17 The Importance of France and Spain In the American Revolution, both French and Spanish allied with American troops against Britain for their own personal benefits. Both France and Spain wanted access to North American trade. In 1775, Spain supplied the colonists with essentials and weaponry. In February 1778, when the French allied with the colonists, they were the first to acknowledge The United States of America as it’s own country. In 1779, when France and Spain declared war on Britain, the American Revolution became a world war.

18 The Iroquois and the British At the begging of the war, most Iroquois Indians remained neutral, but seeing Britain as their key to independence, sided with them. As Iroquois attacked farms and threatened food supplies, Washington considered them a threat to the colonies, so he sent a third of the entire continental army to completely lay waste to their settlements and annihilate them as a threat.

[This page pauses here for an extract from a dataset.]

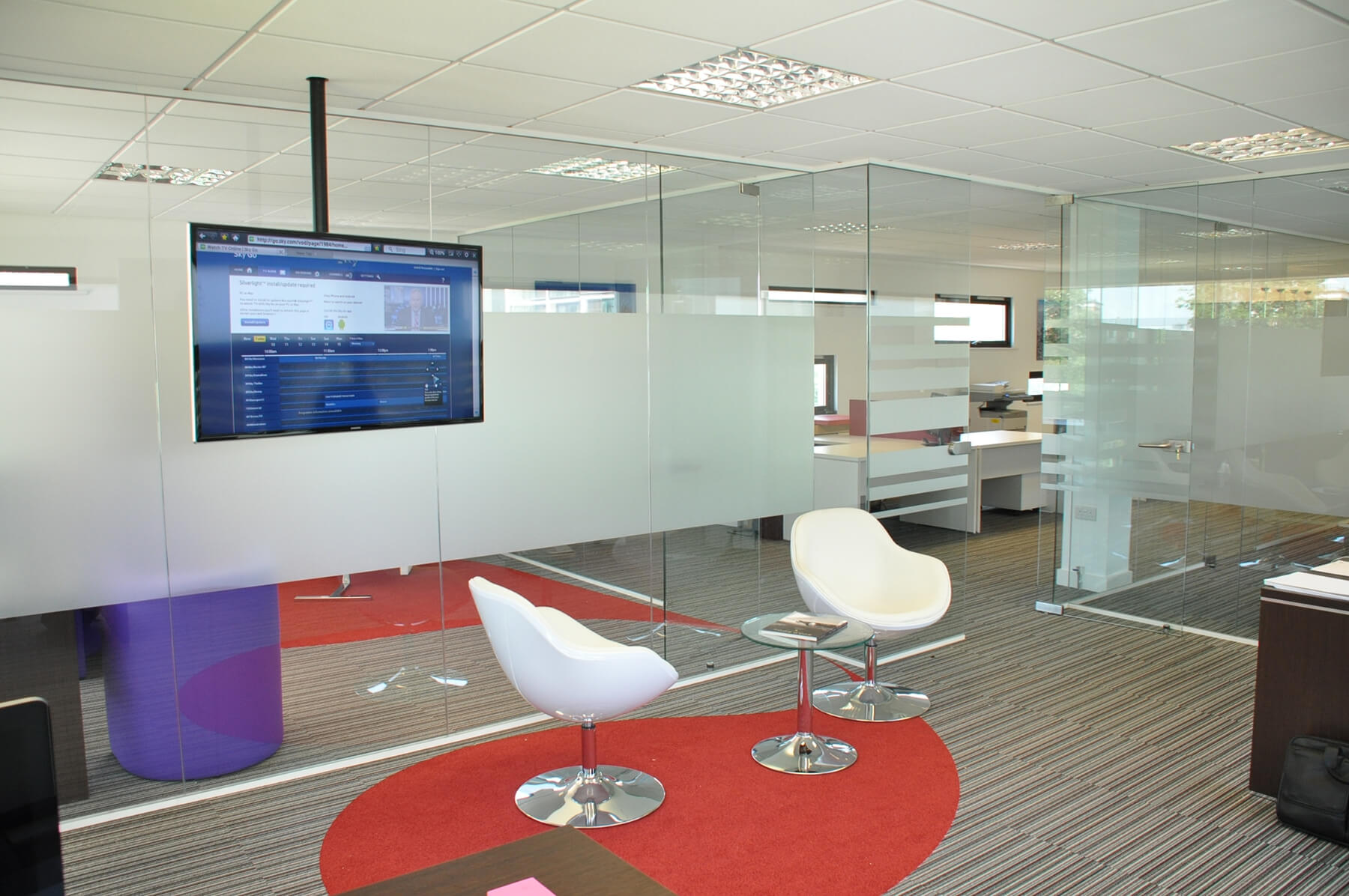 Office space with frameless glass partitions Office space with frameless glass partitions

19 Woman’s Support For Washington’s Army In 1780, Esther De Berdt Reed and Sarah Franklin Bache asked patriot woman to contribute in funding for the Continental Army. The women helped by sewing clothes for the ill-clad troops and helping farmers, who were taking part in the war. They also cultivated land where the male farmers weren’t present providing food for the soldiers and preventing economic ruin for the farmers that were in the war.

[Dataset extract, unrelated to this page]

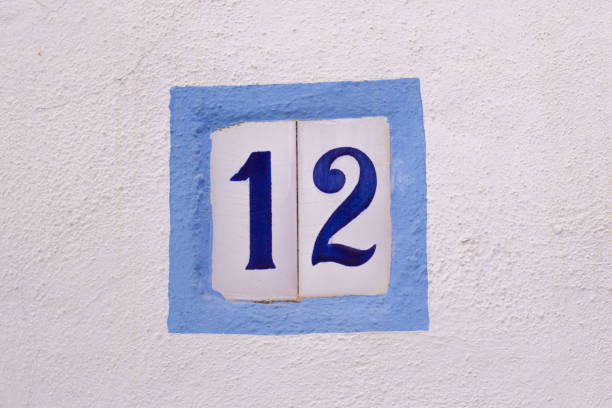 istock House number on ceramic tiles on white wall 983613714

20 War in the South May 12, 1780 the attack and control Charleston, South Carolina making it clear that British motive was to separate the Carolinas and Georgia from the other colonies. Washington had appointed Nathaniel Greene as general so that he could deal with this problem. The British commander in charge of attacking the south was Lord Cornwallis. One of the last major battles of the war took place as a conflict of the armies of both of these men in Cowpens South Carolina when the Americans remained victorious against the British capturing 800 soldiers. Cornwallis realized his law and brought his remaining troops to York Town where he was surrounded by both Washington’s and Greene’s troops and restrained from fleeing by sea by the French navy. Cornwallis was forced to surrender in October 17, 1781.

21 The Treaty of Paris The surrender of Cornwallis didn’t end the war, but it made many in Parliament tired of it. In 1780, Congress had sent John Jay to join Benjamin Franklin and John Adams to negotiate peace. The Treaty of Paris was signed on September 3, 1783, marking the end of the war and the colonies independence.